There isn’t much in the way of overarching story here. There is the story of the band and each of the members have a personal crisis. Dean had a troubled childhood with an abusive father, Elf Holloway thinks she may be gay but is unable to accept it (at least at first) and Jasper de Zoet has mental health issues. However, none of these things really have any momentum. There is no pace. In one chapter (the only one he gets) drummer, Griff is in a car crash which kills his brother. He doesn’t want to stay in the band. And then suddenly he is back in the band again. Because he gets no other chapters, we do not know his motivation. (Incidentally, Griff was a badly drawn stereotype of a Yorkshireman whose one trait was to say fook all the time. It made me question whether Mitchell had ever met someone from the North.)
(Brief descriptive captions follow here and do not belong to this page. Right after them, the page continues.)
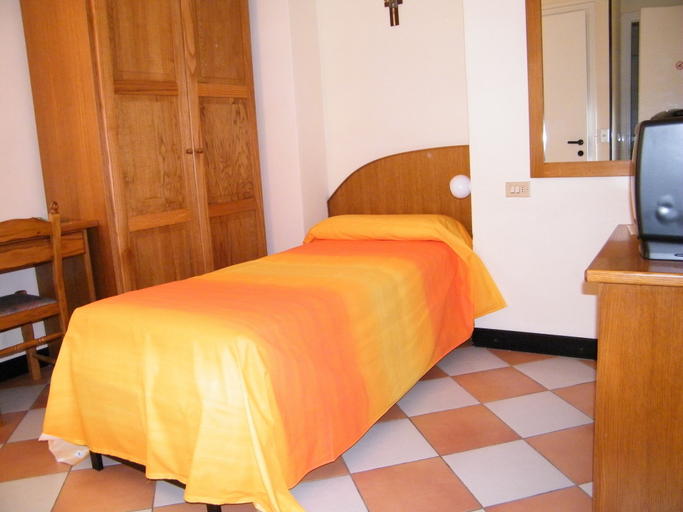 Bedroom 2, Hotel Montecodeno, Lecco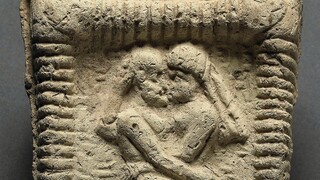 Νέα έρευνα αποκαλύπτει: Οι άνθρωποι φιλήθηκαν για πρώτη φορά πριν… 4.500 χρόνια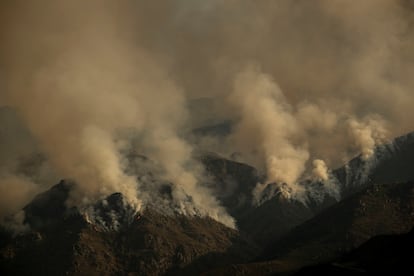 Incendio en Casaio, Carballeda de Valdeorras (Ourense), el sábado.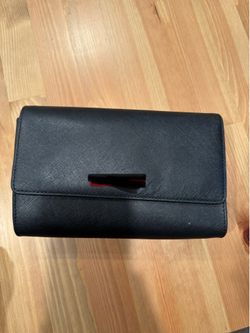 Black crossbody purse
The most interesting – and the most Mitchell like – of these storylines is Jasper’s. He has an interloper in his head who wants control of his body and briefly gains it. This is more like the Mitchell we all know and love and is the sole reason this didn’t get one star. Jasper is cured by horology, one of Mitchell’s trademark ideas. This is the only part of the story that isn’t straightforwardly realistic. I could have stood a bit more of it.
It isn’t only the plot that is problematic, however. It is the constant cameos of dead pop stars. Okay, so a band in London in the 1960s would meet some other pop stars, of course but these appearances are so frequent and are so blandly written that they quickly become tedious. Mitchell seems to think that the insertion of the name is enough and so does little to flesh out Brian Jones, Keith Moon or David Bowie (to name but three). They get there full name every time they are mentioned as if the reader is going to be as tickled by their appearance as Mitchell clearly is. I was familiar with some of these people but not all of them. A little more work at characterisation might have been helpful.
The one time Mitchell does expand his powers of description, it is quite successful. In a chapter set in the Chelsea Hotel, Elf fails to recognise Leonard Cohen so Mitchell has to describe him properly so the reader can work it out. Leonard comes across as wittily flirtatious, urbane and charming. Much as you might imagine really. By comparison, the other cameos felt lazy and self-indulgent. In fact, the one chapter from Levon’s point of view seems to have been included solely so that Mitchell could include an extended (and completely cringey) cameo from Francis Bacon which made me question which came first, the story or the star turns.
So overall, a disappointing read which saw me begin to anticipate the cameos rather than what might happen in the plot. A chapter in the Chelsea Hotel, I guess we’ll be meeting Leonard Cohen and Janis Joplin then. It was tedious and didn’t feel like it had been written by a writer as good as Mitchell. What a shame.
I’ve enjoyed all the other Mitchell novels that I’ve read. The best of them is probably Cloud Atlas. Black Swan Green is probably the most straightforward story. It all depends on how tolerant you are of fantasy and post modern messing around with structure.
I haven’t actually read anything by David Mitchell but I remember thinking this one sounded good when it was published, tedious is the word though (I was thinking that and then you said it!) so perhaps not the one to start with?!